Breakdown of Projected Tax Collections

According to the IMF’s report, the Rs. 14,307 billion target for 2025-26 is broken down across various tax categories:

  • Direct Tax: Projected at Rs. 6,470 billion.
  • Federal Excise Duty: Estimated at Rs. 1,153 billion.
  • Sales Tax: Targeted at Rs. 4,943 billion.
  • Customs Duty: Projected at Rs. 1,741 billion.

While the government anticipates achieving this target through economic growth, inflation, and improved enforcement, recent reports indicate the IMF has flagged a potential shortfall of around Rs. 1 trillion, emphasizing the need for either new tax measures or significantly enhanced collection efforts from the existing base.

Introduction of Carbon Levy and Retailer Tax Reforms

In line with commitments to the IMF, the government has agreed to introduce a carbon levy on gasoline, diesel, and fuel oil. This levy, to be phased in over two years through the Finance Act 202, aims to disincentivize the use of fossil fuels, impacting vehicles with internal combustion engines and the use of heavy-polluting fuel oil in electricity generation.

Furthermore, the taxation of retailers is set for reform. The income tax on net tax revenues from the Tajir Dost scheme is proposed to be replaced by a new income tax levied directly on income tax revenues collected by the FBR from retailers. This change aims for a more direct and potentially more effective method of taxing the retail sector.
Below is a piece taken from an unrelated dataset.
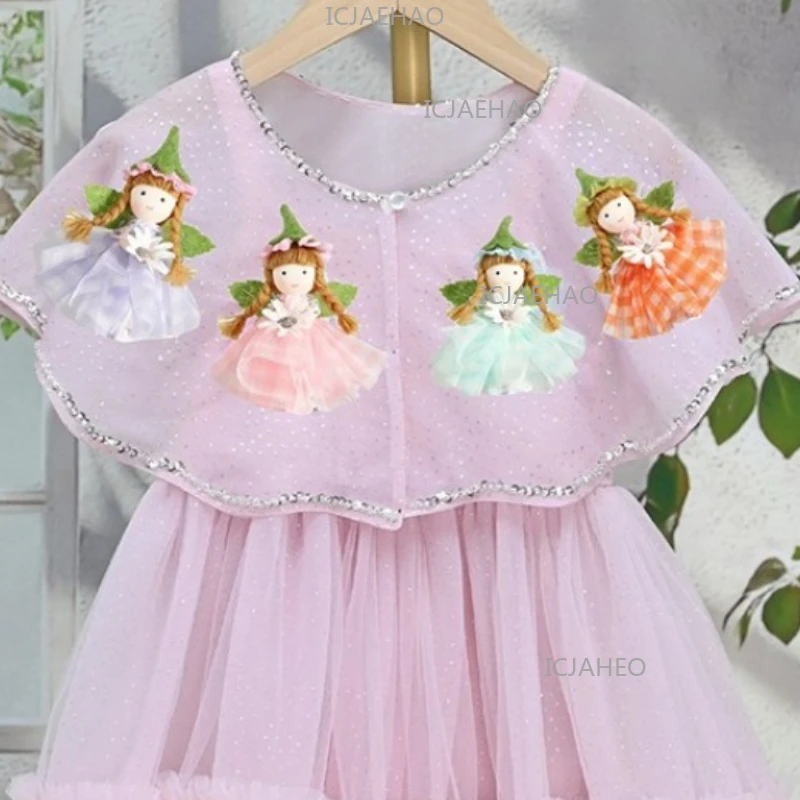 Kids' Dresses and Suits Pink PrincessSlip Dress Shawl Set Dress Handmade 3D Flower Birthday Dresses Formal Party Kids Clothing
Strengthening Revenue Administration and Addressing Litigation

To support the ambitious revenue targets, the government has agreed to strengthen tax revenue collection to ensure the general government revenue reaches 12.3 percent of GDP in FY 2024-25, with FBR collections contributing 10.6 percent of GDP (Rs 12,332 billion).

Revenue administration measures are being enhanced to reduce the compliance gap. These include focusing on the Compliance Risk Management (CRM) system, implementing digital value chain monitoring, detecting irregularities in sales tax returns, closer monitoring of irregular import patterns, and strengthening faceless customs assessments.

The FBR is also actively pursuing the resolution of outstanding litigation cases totaling Rs. 367 billion. These cases are pending before various forums, including the Supreme Court (Rs. 43 billion), High Courts (Islamabad, Sindh, and Lahore collectively Rs. 217 billion), and the Appellate Tribunal Inland Revenue (Rs. 104 billion). The Supreme Court has reportedly completed initial hearings on some cases, with decisions anticipated that could resolve a significant portion of the disputed amount.

CRM Expansion and Retailer Compliance Progress

The Compliance Risk Management (CRM) systems are now operational in the Large Taxpayer Offices (LTOs) in Islamabad, Karachi, and Lahore, and have been extended to Corporate Tax Units. The FBR is integrating internal and third-party data with the goal of developing a fully automated CRM system to enhance risk profiling and audit selection.

While the initial performance of the Tajir Dost scheme for voluntary registration was below expectations, recent increases in withholding taxes on unregistered retailers have shown positive results. This includes a notable increase in the number of filers among retailers, wholesalers, and traders. A new indicative target on income tax revenue from this group has been introduced to better monitor compliance progress.

The proposed bill to eliminate the non-filer category, currently before Parliament and expected to be part of the Finance Bill 2025-26, is seen as a crucial step to further improve compliance. The progress on bringing new taxpayers with a positive tax liability into the system will also be monitored under a modified quantitative performance criterion (QPC) with the IMF.